Sunday, November 13, 2005

Transport Committee 'adjusts' official document...Telegraph reports


Parking penalties may prove 'illegal and void'
Christopher Booker
Sunday Telegraph
13th November 2005
Read the article here

A Commons select committee stands accused of making a tiny but telling change to its website, to get it off a legal hook which could cost local authorities billions of pounds. As announced last summer, the Commons Transport Committee is due to investigate the parking regimes handed over by the police to councils under the 1991 Road Traffic Act, which now account for a third of all the parking tickets issued each year to motorists.

In a statement on August 9, the Committee described these as "fines". Last week, the statement, still dated August 9, changed this to "charges". The significance of this may lie in evidence submitted to the MPs by Neil Herron, the campaigner who argues that most of these council schemes are illegal, because they rely on automatic fines without giving motorists the right to go to court. This is in breach of the 1689 Bill of Rights, which rules that penalties can only be imposed after conviction by a court.

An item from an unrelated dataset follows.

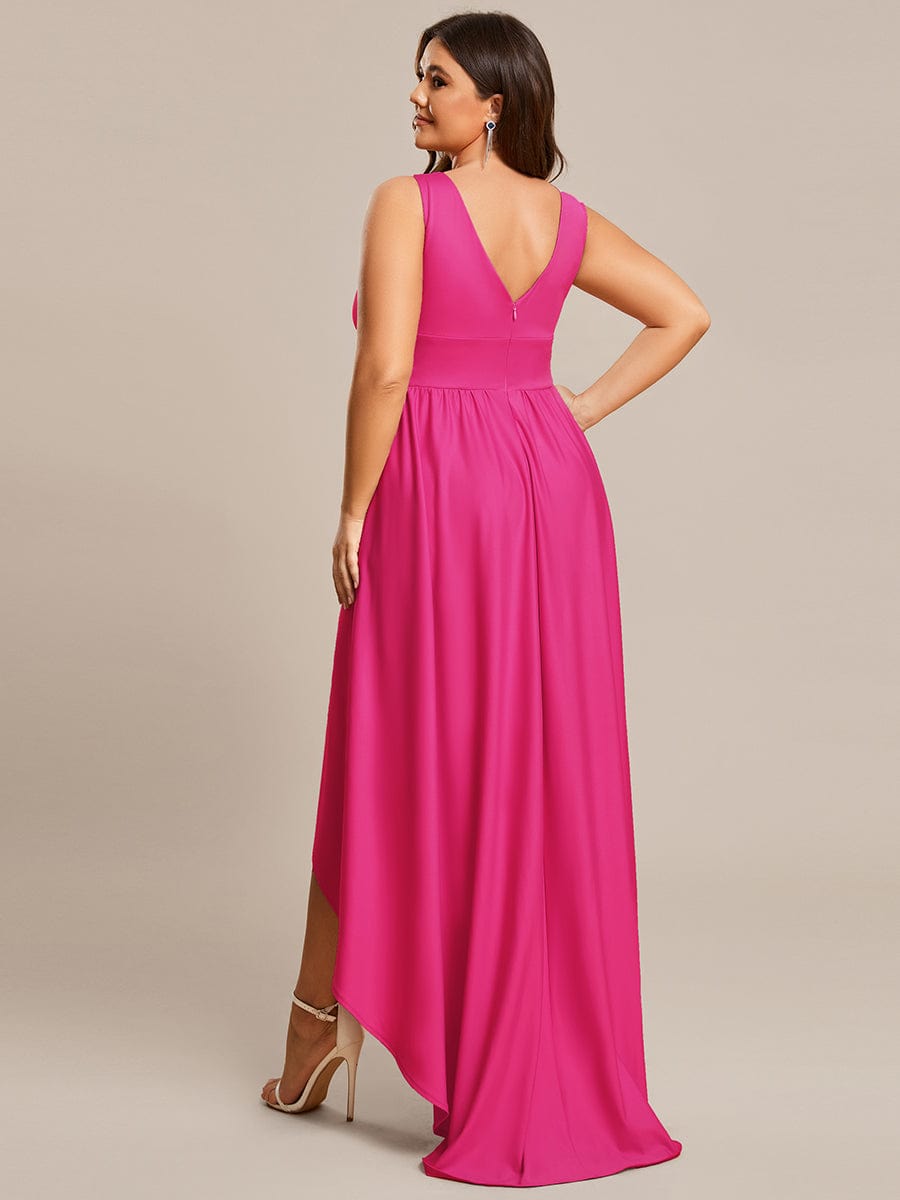 V-Neck Sleeveless High-Low Evening Dress with Stretchy #color_Hot Pink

What might seem only a historical curiosity has been made startlingly relevant, however, by the judgment given in 2002 by Lord Justice Laws in the case of the Metric Martyrs. The judge upheld their criminal convictions by ruling that "constitutional statutes" such as the Bill of Rights and the European Communities Act (under which the traders were found guilty) cannot be overruled by later legislation unless Parliament expressly wills it.

If Laws was right, the 1991 Road Traffic Act, which permits parking fines without reference to a court, is illegal. All the money paid by motorists since "decriminalised parking" came in should be paid back.

Faced with this challenge, the councils have come up with a specious defence. Parkwise, the body set up by 13 councils in Lancashire to run their parking schemes, concedes that the Bill of Rights only allows fines after "judgment of a court", but claims that its penalties are not "fines" but "charges" (although council websites still call them "fines"). This ignores the Bill of Rights itself, which rules that "all fines and forfeitures before conviction are illegal and void".

Seeing this express train roaring down on them, the Commons Transport Committee last Tuesday sneaked in that change from "fines" to "charges".

The official explanation is that this is "more accurate", because it includes parking charges of all kinds. But if those MPs examine the Bill of Rights, they will see this change still does not let them off the hook. By any reading of the law, those billions of pounds raised by councils in automatic penalties must be regarded as "illegal and void".

2 comments:

wonkotsane said...

Whether they call it a fine or chareg nothing changes. If it's a charge then they are still demanding you forfeit your money.

Anonymous said...

This is incredible! Thank heavens someone has taken the trouble to read the laws that govern. I often wondered myself how a fine (er, charge?) could be levied without a court appearance or conviction, but like so many of us, I thought it had already been approved as 'legal'. Not so. Don't let them off the hook, Neil.